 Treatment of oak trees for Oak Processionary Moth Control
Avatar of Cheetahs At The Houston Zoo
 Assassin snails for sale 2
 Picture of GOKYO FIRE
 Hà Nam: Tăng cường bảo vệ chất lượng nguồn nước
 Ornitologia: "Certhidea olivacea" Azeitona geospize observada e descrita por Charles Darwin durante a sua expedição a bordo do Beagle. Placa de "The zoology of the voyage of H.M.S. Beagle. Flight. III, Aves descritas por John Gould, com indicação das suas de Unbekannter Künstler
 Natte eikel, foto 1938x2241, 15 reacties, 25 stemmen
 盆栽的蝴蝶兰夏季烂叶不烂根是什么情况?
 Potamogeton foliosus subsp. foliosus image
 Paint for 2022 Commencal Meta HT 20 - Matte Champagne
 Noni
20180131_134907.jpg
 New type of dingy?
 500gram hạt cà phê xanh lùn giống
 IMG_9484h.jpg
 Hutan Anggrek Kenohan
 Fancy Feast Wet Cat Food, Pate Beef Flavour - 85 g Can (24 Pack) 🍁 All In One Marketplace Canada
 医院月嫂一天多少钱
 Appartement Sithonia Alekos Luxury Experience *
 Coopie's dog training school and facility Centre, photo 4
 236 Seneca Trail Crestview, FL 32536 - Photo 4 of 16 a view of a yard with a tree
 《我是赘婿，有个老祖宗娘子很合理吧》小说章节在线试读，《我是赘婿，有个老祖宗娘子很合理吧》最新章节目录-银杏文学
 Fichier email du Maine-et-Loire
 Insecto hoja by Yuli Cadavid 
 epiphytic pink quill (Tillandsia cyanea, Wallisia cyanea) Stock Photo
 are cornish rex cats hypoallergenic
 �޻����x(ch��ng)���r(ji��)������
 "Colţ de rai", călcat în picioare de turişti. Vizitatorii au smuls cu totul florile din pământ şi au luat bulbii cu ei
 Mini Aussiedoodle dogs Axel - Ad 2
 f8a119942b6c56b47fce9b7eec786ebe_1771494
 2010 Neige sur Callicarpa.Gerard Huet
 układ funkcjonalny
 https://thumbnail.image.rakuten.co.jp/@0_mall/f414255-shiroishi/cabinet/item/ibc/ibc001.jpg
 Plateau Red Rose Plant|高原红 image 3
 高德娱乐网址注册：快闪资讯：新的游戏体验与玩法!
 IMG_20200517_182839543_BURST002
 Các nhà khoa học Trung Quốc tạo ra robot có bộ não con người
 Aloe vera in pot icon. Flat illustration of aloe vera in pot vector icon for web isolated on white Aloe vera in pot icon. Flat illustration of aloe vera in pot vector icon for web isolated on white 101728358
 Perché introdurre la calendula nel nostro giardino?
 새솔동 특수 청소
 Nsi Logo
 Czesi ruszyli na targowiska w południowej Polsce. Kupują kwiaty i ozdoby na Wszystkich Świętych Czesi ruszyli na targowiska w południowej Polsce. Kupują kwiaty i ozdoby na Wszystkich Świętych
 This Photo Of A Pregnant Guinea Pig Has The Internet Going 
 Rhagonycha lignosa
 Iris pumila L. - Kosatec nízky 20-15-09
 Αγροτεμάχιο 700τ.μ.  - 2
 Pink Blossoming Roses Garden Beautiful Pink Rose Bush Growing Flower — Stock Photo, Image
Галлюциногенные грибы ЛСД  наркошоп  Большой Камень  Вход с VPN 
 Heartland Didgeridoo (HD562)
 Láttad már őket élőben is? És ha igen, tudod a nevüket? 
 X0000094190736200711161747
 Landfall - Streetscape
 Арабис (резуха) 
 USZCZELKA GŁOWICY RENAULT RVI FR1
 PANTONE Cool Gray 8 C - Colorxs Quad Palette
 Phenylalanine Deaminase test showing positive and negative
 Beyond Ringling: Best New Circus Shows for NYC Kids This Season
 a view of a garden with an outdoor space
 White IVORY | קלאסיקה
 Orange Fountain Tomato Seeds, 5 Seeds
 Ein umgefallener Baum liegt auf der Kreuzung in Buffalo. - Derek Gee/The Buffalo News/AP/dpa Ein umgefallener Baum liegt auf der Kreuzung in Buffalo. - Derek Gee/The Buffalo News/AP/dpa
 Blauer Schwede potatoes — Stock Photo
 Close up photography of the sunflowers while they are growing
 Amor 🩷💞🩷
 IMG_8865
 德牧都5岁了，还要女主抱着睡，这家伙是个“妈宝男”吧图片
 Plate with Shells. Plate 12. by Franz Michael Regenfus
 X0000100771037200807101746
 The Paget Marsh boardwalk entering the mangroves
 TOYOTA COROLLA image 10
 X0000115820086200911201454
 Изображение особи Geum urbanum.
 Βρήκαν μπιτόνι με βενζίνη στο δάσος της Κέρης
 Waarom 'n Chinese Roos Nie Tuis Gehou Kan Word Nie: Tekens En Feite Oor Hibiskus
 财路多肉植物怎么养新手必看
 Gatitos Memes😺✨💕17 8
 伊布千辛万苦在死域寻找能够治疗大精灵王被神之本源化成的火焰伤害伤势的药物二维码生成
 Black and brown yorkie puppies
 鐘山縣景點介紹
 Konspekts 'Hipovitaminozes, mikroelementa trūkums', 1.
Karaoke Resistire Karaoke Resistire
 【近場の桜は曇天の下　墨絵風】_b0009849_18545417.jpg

────────────────────────────────────────

An exact copy of the lines above, from the one containing "Pink Blossoming Roses" through the one containing "PANTONE Cool Gray 8 C - Colorxs Quad Palette", is the whole of the answer.

 Pink Blossoming Roses Garden Beautiful Pink Rose Bush Growing Flower — Stock Photo, Image
Галлюциногенные грибы ЛСД  наркошоп  Большой Камень  Вход с VPN 
 Heartland Didgeridoo (HD562)
 Láttad már őket élőben is? És ha igen, tudod a nevüket? 
 X0000094190736200711161747
 Landfall - Streetscape
 Арабис (резуха) 
 USZCZELKA GŁOWICY RENAULT RVI FR1
 PANTONE Cool Gray 8 C - Colorxs Quad Palette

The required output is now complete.